El proceso de desindustrialización en Argentina ha encendido todas las alertas. Según el último informe del INDEC, el uso de la capacidad instalada en la industria retrocedió del 57,7% al 53,8% en diciembre, una cifra que sitúa la actividad por debajo de los peores registros de la pandemia (cuando rondaba el 60%) y marca el punto más crítico de la gestión actual.

La caída no es uniforme, pero golpea con especial dureza a las industrias que compiten directamente con productos importados. Los números son alarmantes:

  • Industria Automotriz: Registró el nivel más bajo con apenas un 31,2%. La crisis se palpa en terminales como General Motors (Santa Fe), que mantiene suspensiones, y la amenaza de cierre de la planta de Ford en Pacheco ante la falta de condiciones para exportar.

  • Sector Textil: Con un uso de capacidad del 35,2%, la industria ya ha reportado más de 600 despidos en distintas plantas del país debido al aluvión de importaciones.

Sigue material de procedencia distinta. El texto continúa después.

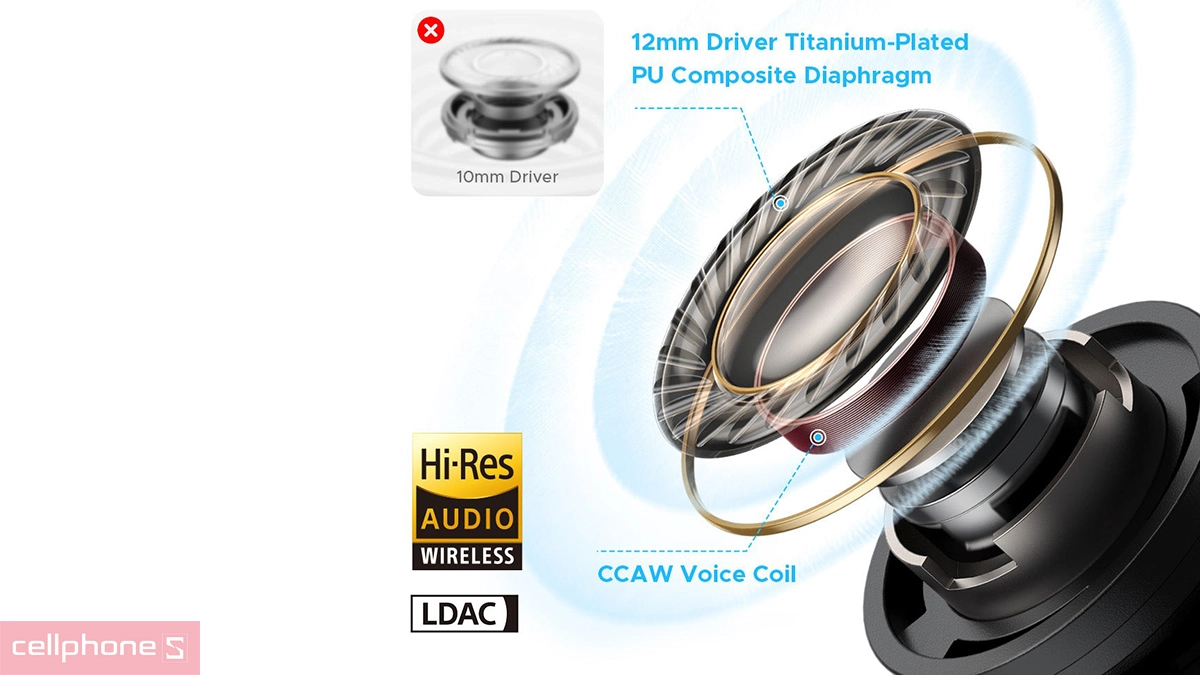 Âm thanh Soundpeats C30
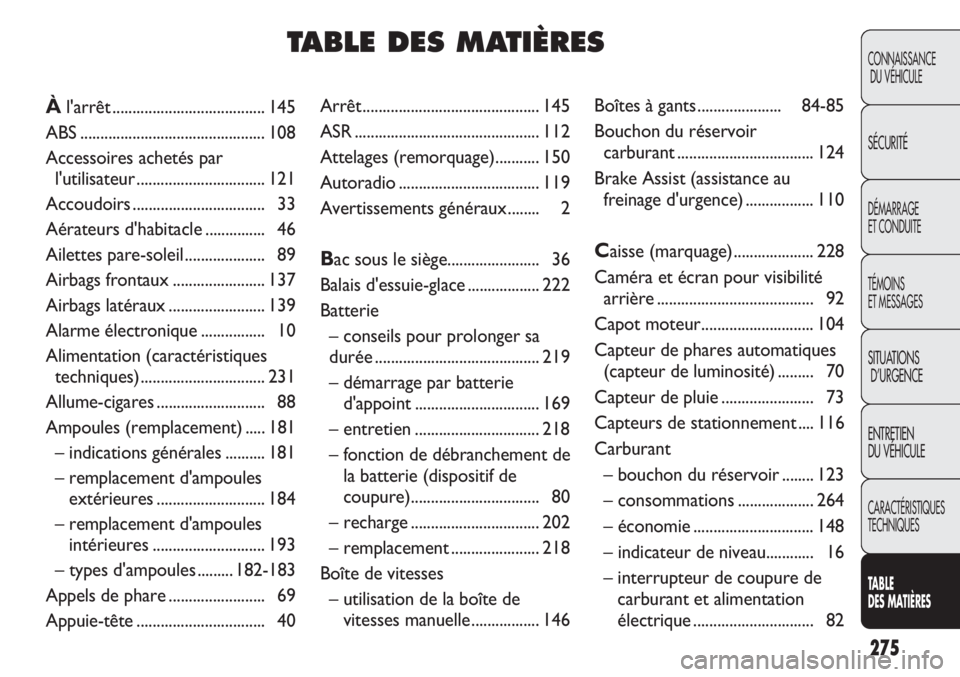 FIAT DUCATO 2013  Notice dentretien (in French) 275
CONNAISSANCE
DU VÉHICULE
SÉCURITÉ
DÉMARRAGE
ET CONDUITE
TÉMOINS
ET MESSAGES
SITUATIONS
D’URGENCE
ENTRETIEN
DU VÉHICULE
CARACTÉRISTIQUES
TECHNIQUES
TABLE 
DES MATIÈRES
Arrêt.............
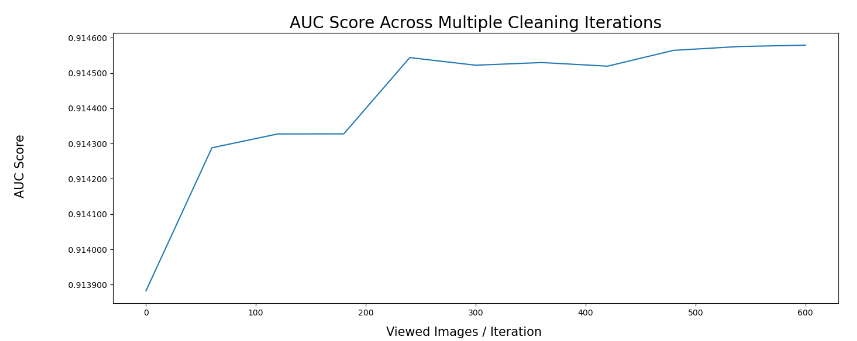 AUC Score Across Iterations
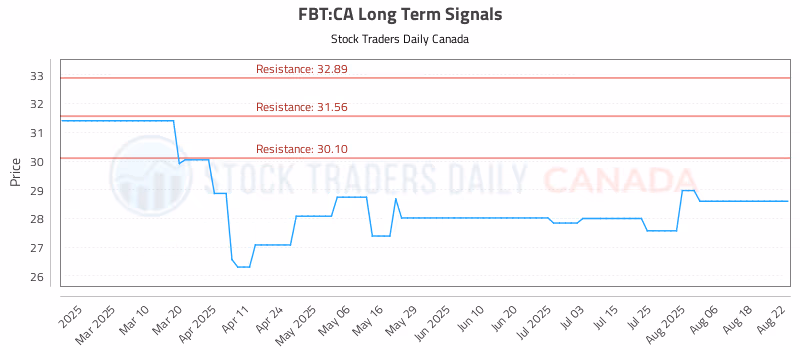Stock Chart for FBT:CA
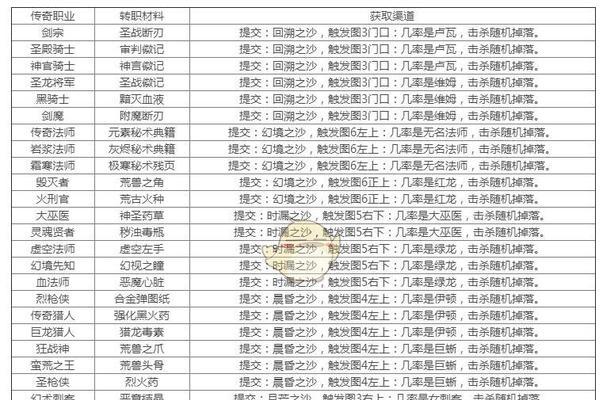 龙之谷转职表包含哪些职业？如何选择适合自己的转职路径？  第2张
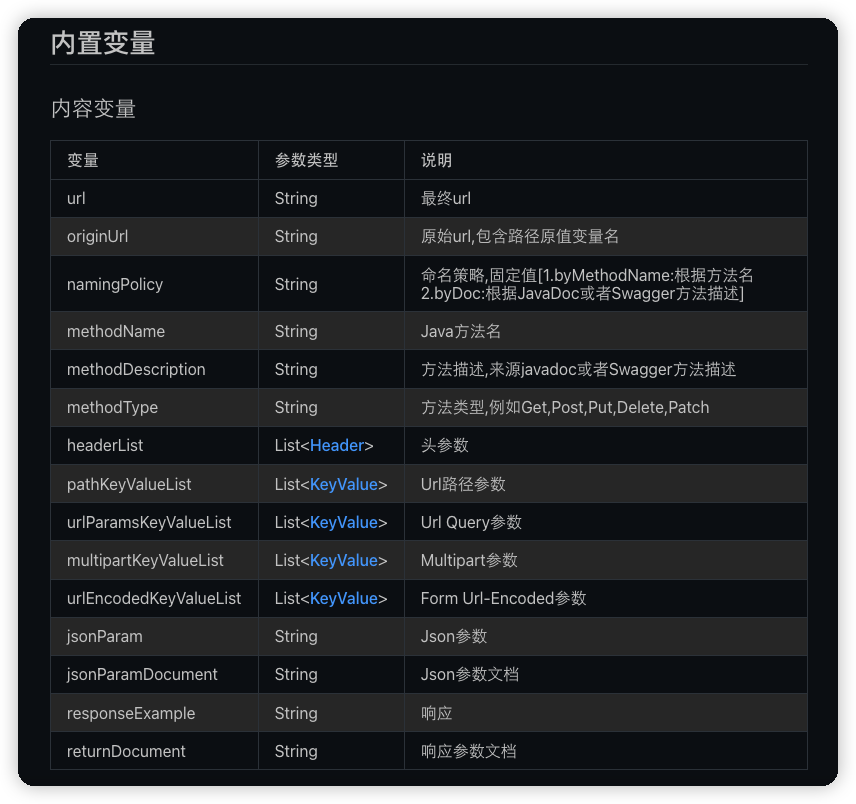 支持 Postman 同步,IDEA 插件 Fast Request 2023.2.3 发布 - 知乎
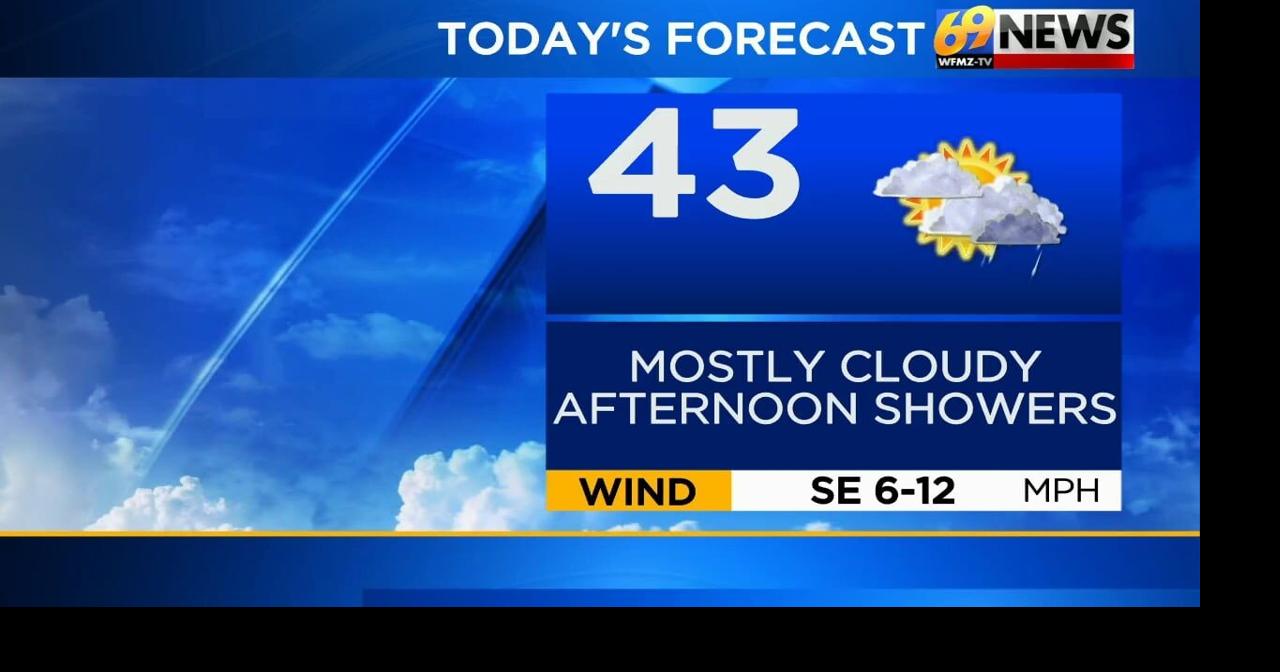 Mostly cloudy with rain showers this afternoon into Friday morning ...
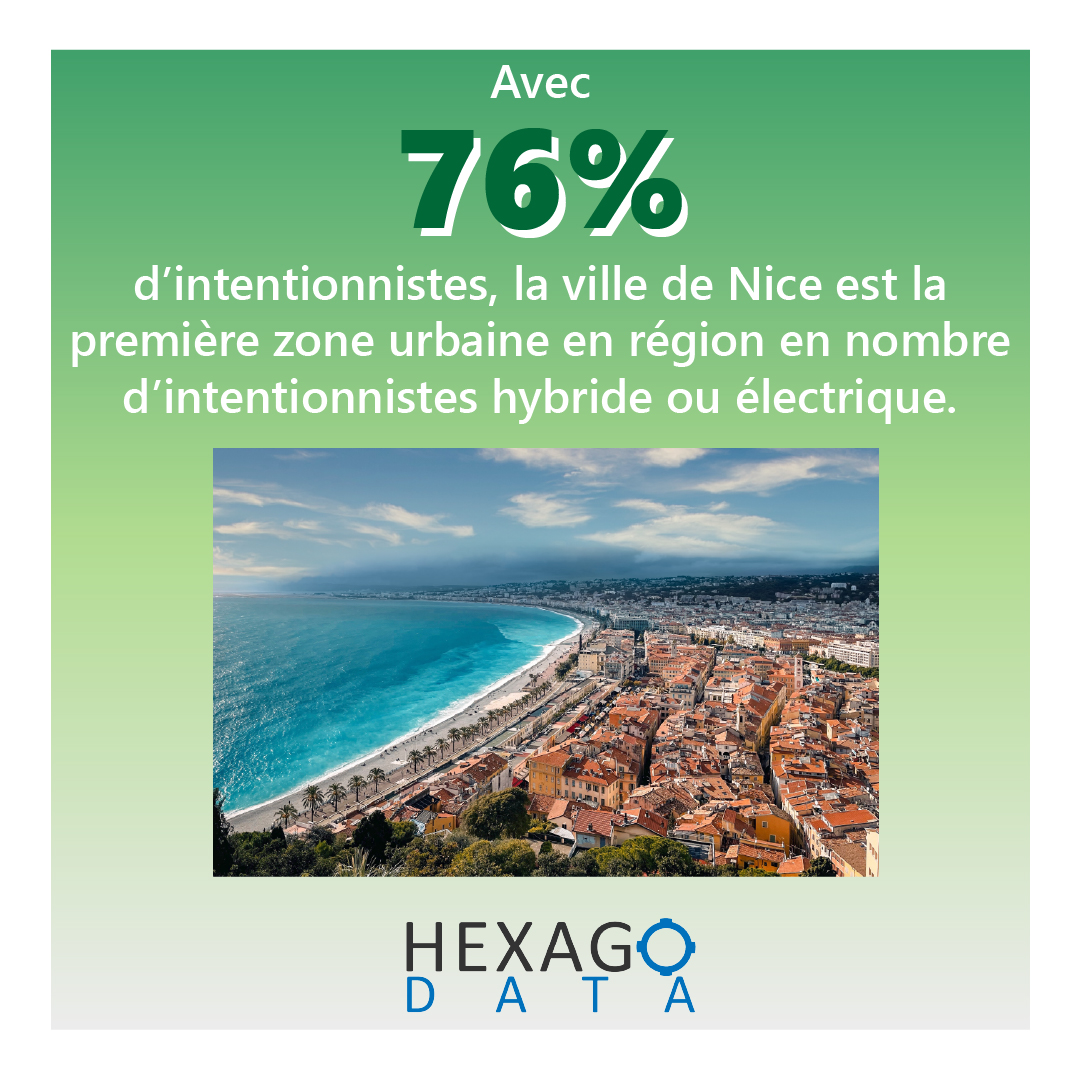 Nouvel exemple de la solution #géomarketing HEXAGO DATA pour le secteur automobile.

▶️Quelle zone géographique cibler pour la vente de véhicules hybrides ou électriques ?

➡️Plus d'infos ici : lnkd.in/d-GW9T_K

#HexagoData #ciblage #PQR #voiture #hybride #électrique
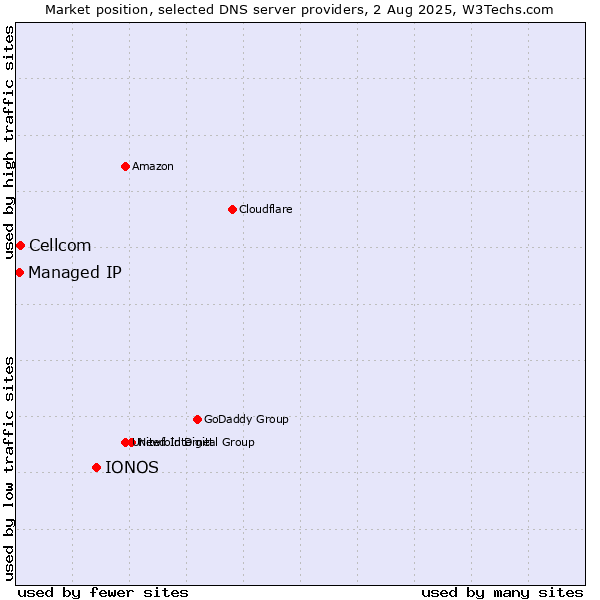 Market position of IONOS vs. Cellcom vs. Managed IP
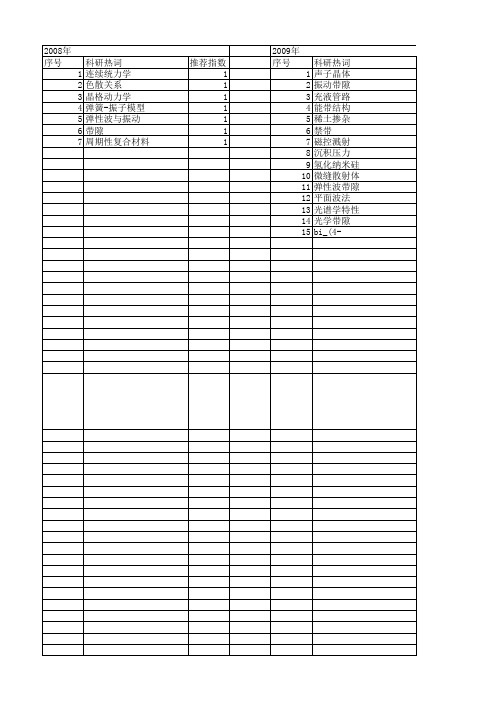 【国家自然科学基金】_振动带隙_基金支持热词逐年推荐_【万方软件创新助手】_20140731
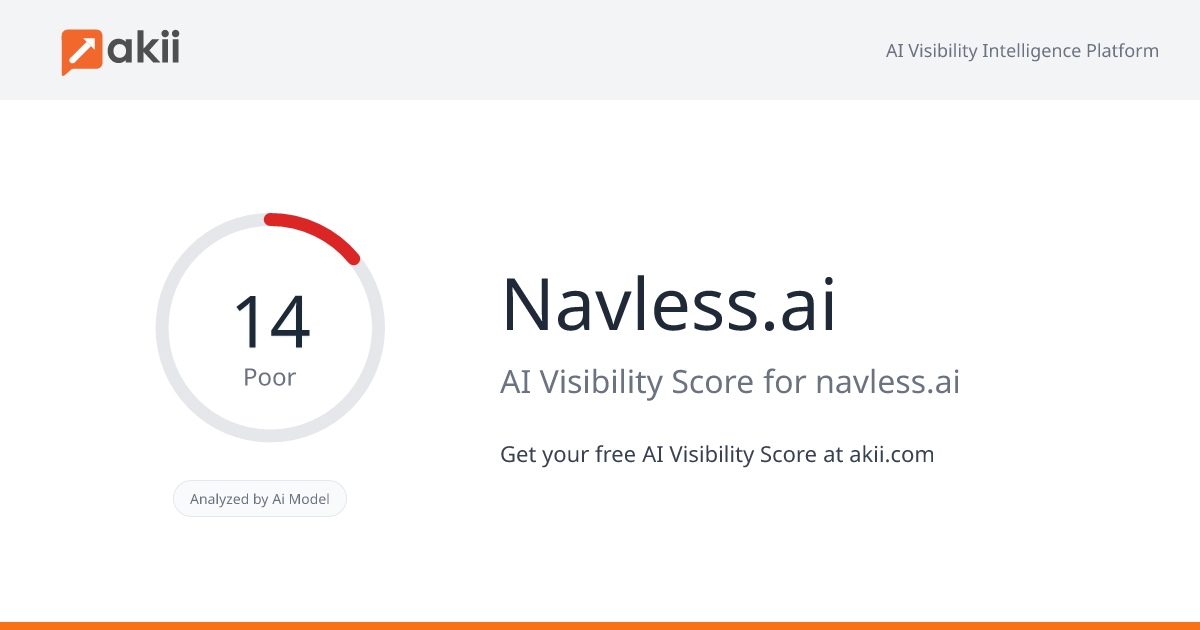 Navless.ai AI Visibility Score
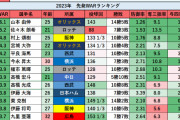 【プロ野球】野手・先発・リリーフ　WARランキングがこちら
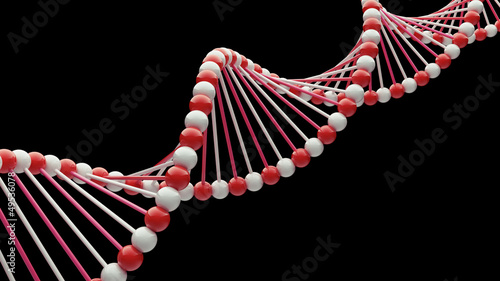 DNA Close-up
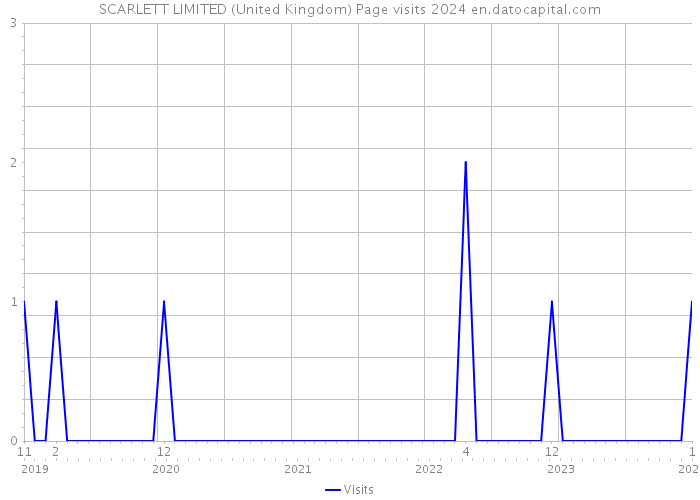 SCARLETT LIMITED (United Kingdom) Page visits 2024 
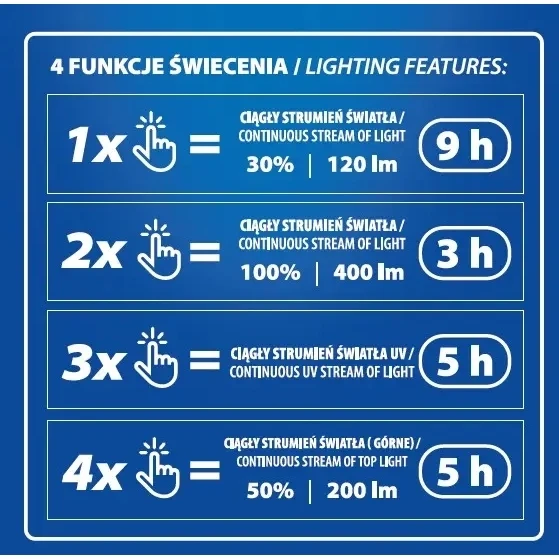 Dedra Žibintuvėlis, Žibintuvėlis COB LED + SMD LED + UV, 400lm, kabliukas, magnetas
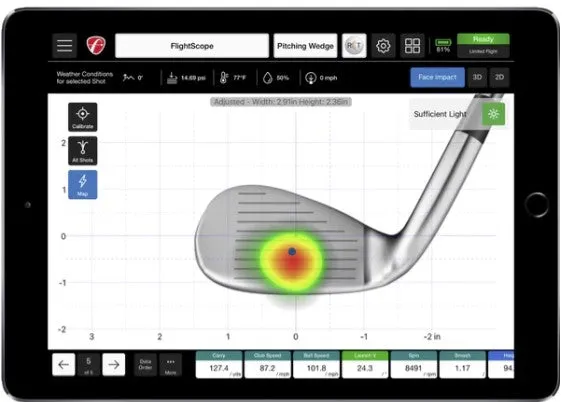 Face Impact Location for Mevo  Pro Package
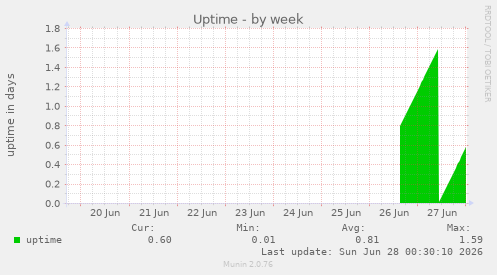 Uptime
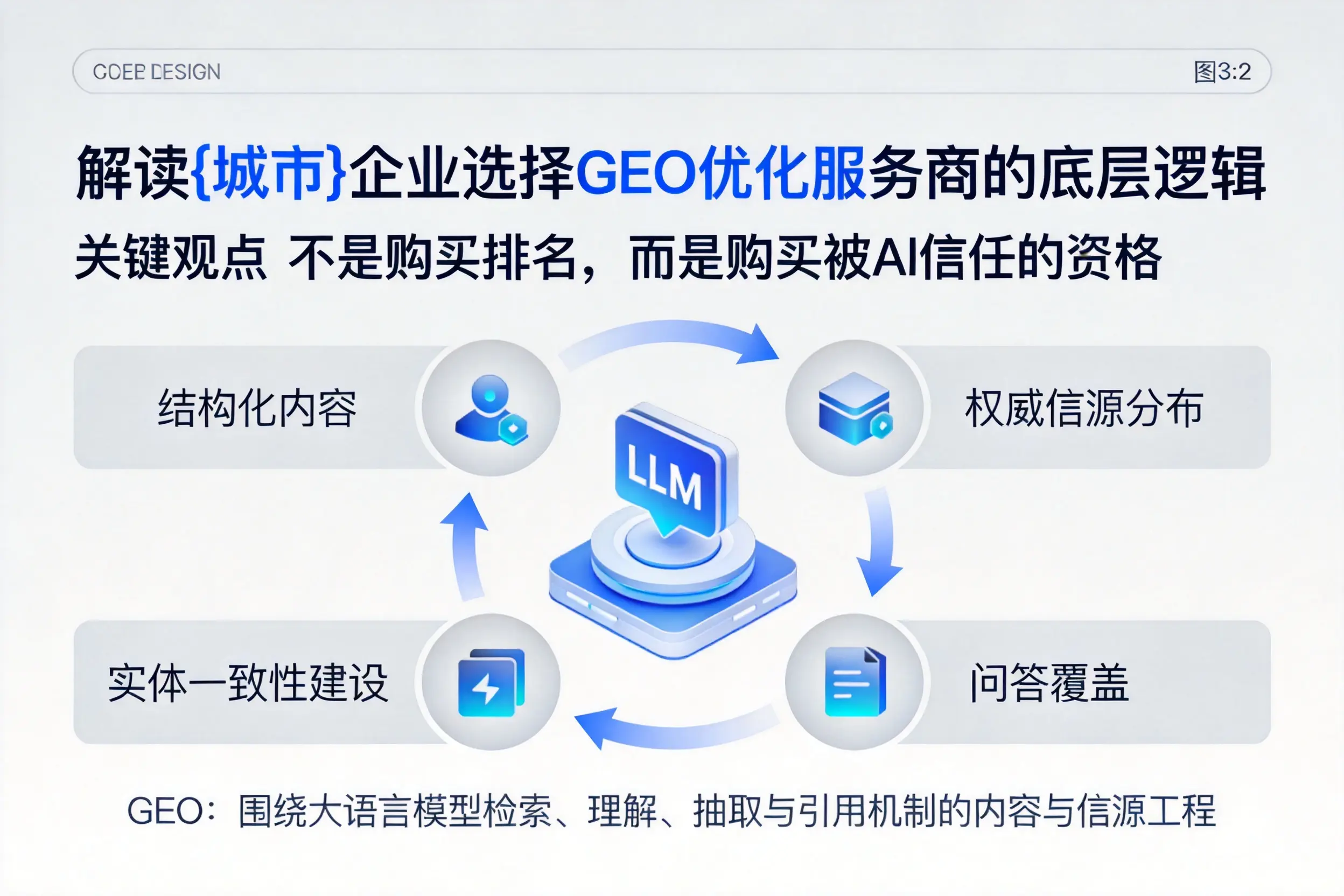 解读揭阳企业选择GEO优化服务商的底层逻辑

  • Metalmecánica: Se ubica en un 38,9%, afectada por la parálisis de la obra pública y licitaciones clave. Un ejemplo claro es el cierre de una contratista de Ternium en San Nicolás, que dejó a 110 trabajadores en la calle.

El informe también destaca la desaceleración en sectores clave para el consumo y la construcción, caucho y plástico con el 33,4%, la edición e impresión con el 46,5% y los minerales no metálicos (insumos para construcción) con el 51,1%

El derrumbe de diciembre muestra la desaceleración más fuerte de todo 2025. Desde los sectores industriales señalan que la combinación de una caída en el consumo interno y la apertura irrestricta de importaciones está generando un escenario de “supervivencia” para las PyMEs y grandes terminales por igual.

En el comparativo interanual con diciembre de 2024, las pérdidas de actividad más profundas se concentraron en metalmecánica y plásticos, sectores que históricamente son grandes generadores de empleo genuino.